I need to merge two dataframes replacing some rows based on string indexes and adding the new rows (new indexes). I'm curious about some kind of standard or efficient way to do it.
# Example: "A" and "B" are columns and "idx" is the index
# Input
# df1
idx A B
a 1 1
b 2 2
c 3 3
# df2
idx A B
a -1 -1
b -2 -2
d -10 -10
f -20 -20
# process
merged_df = replace_and_add(old_df=df_1, new_df=df_2)
# Output
# new_df
idx A B
a -1 -1
b -2 -2
c 3 3
d -10 -10
f -20 -20
CodePudding user response:
You're looking for a concatenation of dataframes, without replication (union distinct). In pandas, you could:
df = pd.concat( [old_df, new_df] ).drop_duplicates()

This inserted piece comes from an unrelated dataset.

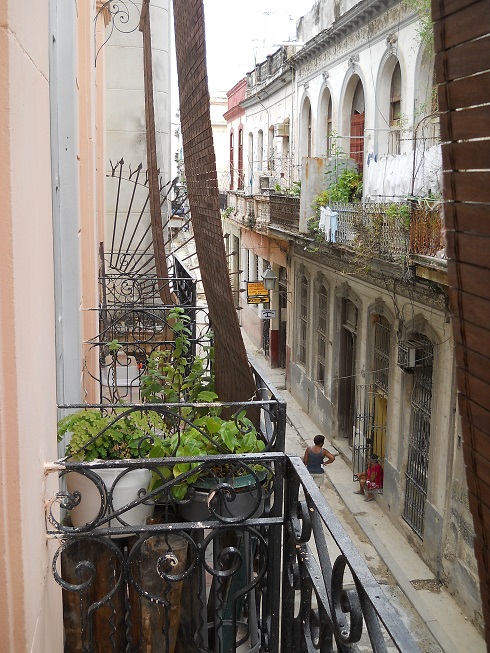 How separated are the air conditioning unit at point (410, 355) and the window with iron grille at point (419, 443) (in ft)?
0.17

CodePudding user response:
You can reindex
your first dataframe with the second one then update
values. It's an efficient way to avoid to create a temporary dataframe:
df1 = df1.reindex(df1.index.union(df2.index))
df1.update(df2)
print(df1)
# Output:
A B
idx
a -1.0 -1.0
b -2.0 -2.0
c 3.0 3.0
d -10.0 -10.0
f -20.0 -20.0
The downside is the dtype which is now float64 instead of int64.